Pub Perspective: Consistent transit policy eludes administration

by Frank Di Giacomo, Publisher

Parts of the Obama Administration seem to ignore each other when it comes to actions that support greater investment in public transportation.

On overall funding and general rhetoric, there has been no greater friend of our industry than this administration. It has advocated for record amounts of funding and done everything possible despite an extremely divided Congress to ensure that the federal transit program stays alive.

Divided government

Yet the administration itself is sometimes its own divided government. Two recent examples stand out. First, the FTA simply refuses to back down or reconsider its unprecedented application of Buy America rules to utilities relocation. Whether or not you believe that this area of major projects should have been under the Buy America umbrella all along, it is clearly a new interpretation of these rules. The FTA says it is following new parts of MAP-21, but the Federal Highway Administration decided to issue a generous waiver. Clearly, the FTA could have found a way to do something similar.
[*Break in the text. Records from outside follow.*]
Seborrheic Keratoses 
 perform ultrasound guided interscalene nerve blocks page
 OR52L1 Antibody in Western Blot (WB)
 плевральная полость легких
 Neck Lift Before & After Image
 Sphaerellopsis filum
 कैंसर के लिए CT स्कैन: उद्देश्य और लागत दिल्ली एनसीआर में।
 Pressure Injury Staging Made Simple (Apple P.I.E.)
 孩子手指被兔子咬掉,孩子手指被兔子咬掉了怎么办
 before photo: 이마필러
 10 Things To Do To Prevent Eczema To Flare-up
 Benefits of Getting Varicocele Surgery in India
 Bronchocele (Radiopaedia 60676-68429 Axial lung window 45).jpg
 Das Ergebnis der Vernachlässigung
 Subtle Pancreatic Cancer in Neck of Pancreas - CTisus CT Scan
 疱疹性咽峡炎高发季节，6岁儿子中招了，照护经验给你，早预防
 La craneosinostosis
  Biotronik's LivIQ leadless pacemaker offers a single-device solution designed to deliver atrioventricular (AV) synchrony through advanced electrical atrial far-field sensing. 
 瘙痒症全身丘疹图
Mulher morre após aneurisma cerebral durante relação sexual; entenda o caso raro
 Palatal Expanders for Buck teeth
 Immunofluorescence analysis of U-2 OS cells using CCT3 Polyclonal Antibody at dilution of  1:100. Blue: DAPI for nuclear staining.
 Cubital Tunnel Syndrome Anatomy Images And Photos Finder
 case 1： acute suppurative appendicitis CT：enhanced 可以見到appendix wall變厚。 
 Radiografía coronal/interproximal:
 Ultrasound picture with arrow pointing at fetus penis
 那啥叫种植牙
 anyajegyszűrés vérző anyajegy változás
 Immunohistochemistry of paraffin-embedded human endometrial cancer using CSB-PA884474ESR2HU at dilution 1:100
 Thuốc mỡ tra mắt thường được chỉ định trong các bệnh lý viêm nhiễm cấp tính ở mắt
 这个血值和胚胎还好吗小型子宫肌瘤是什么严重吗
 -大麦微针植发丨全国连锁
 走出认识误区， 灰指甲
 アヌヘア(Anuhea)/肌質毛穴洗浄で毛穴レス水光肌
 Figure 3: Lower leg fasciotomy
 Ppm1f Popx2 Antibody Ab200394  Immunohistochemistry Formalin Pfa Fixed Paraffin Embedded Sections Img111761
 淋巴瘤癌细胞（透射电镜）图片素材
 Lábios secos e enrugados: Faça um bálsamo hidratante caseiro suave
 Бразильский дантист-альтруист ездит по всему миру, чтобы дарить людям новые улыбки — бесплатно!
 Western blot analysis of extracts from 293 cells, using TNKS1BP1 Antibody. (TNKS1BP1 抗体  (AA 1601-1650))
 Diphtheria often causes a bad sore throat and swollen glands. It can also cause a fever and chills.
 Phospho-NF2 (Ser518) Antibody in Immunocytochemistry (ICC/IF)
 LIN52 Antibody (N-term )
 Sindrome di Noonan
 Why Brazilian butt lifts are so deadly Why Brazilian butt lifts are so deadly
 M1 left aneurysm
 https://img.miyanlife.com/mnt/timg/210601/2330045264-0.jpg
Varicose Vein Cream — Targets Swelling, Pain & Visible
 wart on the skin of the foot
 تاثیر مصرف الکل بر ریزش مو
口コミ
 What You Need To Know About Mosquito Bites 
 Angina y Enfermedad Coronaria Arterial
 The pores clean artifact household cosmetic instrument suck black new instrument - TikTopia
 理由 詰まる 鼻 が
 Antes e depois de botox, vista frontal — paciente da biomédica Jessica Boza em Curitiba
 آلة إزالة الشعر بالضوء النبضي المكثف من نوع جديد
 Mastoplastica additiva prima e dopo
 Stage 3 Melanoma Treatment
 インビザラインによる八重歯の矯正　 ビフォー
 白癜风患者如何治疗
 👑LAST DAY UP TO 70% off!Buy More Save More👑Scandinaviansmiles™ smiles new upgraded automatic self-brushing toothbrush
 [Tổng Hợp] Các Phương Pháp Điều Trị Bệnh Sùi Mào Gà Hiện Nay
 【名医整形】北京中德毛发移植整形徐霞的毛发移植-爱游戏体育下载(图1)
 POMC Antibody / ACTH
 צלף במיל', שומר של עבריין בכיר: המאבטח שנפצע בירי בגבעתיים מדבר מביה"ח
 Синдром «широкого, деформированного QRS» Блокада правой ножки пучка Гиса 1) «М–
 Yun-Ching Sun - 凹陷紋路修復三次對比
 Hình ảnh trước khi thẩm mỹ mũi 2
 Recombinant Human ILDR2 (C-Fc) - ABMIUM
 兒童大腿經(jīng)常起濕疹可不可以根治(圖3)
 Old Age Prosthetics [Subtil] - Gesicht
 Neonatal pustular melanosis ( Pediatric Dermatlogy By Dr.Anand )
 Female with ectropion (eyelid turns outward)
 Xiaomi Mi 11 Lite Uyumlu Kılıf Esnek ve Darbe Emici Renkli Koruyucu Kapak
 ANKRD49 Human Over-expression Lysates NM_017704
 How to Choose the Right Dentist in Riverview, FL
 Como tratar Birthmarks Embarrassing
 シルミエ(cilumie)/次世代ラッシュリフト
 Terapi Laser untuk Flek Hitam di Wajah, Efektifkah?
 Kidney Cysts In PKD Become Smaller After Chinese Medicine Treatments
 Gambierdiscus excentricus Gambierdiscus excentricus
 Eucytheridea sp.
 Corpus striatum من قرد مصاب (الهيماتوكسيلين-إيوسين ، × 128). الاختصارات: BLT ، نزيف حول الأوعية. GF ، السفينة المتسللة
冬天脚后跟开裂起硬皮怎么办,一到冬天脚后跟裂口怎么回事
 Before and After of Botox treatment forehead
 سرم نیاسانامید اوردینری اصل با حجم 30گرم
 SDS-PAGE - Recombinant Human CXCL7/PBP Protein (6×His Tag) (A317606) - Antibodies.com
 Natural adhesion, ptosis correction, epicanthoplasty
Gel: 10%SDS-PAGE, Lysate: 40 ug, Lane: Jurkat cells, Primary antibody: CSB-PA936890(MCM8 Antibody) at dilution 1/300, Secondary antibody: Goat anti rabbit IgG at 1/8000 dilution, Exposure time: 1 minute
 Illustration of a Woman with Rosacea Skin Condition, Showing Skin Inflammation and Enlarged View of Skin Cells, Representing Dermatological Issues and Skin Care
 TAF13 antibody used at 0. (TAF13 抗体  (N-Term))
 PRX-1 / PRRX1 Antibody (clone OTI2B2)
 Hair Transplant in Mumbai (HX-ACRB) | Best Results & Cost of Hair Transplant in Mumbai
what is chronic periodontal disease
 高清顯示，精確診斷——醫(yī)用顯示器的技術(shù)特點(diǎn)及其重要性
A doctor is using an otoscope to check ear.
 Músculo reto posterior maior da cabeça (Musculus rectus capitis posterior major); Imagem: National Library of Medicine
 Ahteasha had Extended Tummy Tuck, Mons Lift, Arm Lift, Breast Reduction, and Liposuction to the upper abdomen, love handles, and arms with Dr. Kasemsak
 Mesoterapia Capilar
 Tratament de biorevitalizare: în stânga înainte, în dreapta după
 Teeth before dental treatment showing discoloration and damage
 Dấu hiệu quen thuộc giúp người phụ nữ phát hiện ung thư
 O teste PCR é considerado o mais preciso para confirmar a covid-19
The other example is how FTA and the Department of Labor (DOL) have been enforcing 13(c) labor protection rulings. States and cities are under pressure to reduce budgets in the wake of the recession, especially in how they fund future pension obligations, and they have made some reforms of their pension and retirement health care plans. Usually, these require workers to contribute more to their retirement. However, the administration says that some of these reforms violate labor protection laws and in some cases, most notably in California, the FTA and DOL held up grants. As a result, transportation systems across California and other states could have faced huge service cuts and the delay or cancellation of major capital projects.

Fortunately, a deal was reached in the 11th hour between the administration and the California officials, which suspended this decision pending the passage of new legislation in California that temporarily exempts public transit workers from the earlier law. It should have never gotten this far; almost $2 billion in projects were on the verge of being suspended, and other systems still face similar threats.

Actions contradict desire
The administration needs to understand that these and many other actions contradict the president’s repeatedly stated desire to see public transportation grow and be part of needed economic change in the U.S. We in the industry and through our associations need to get them to understand this current disconnect, and have a process to avoid them in the future. The only place that can happen is at the White House — because agency officials are not listening.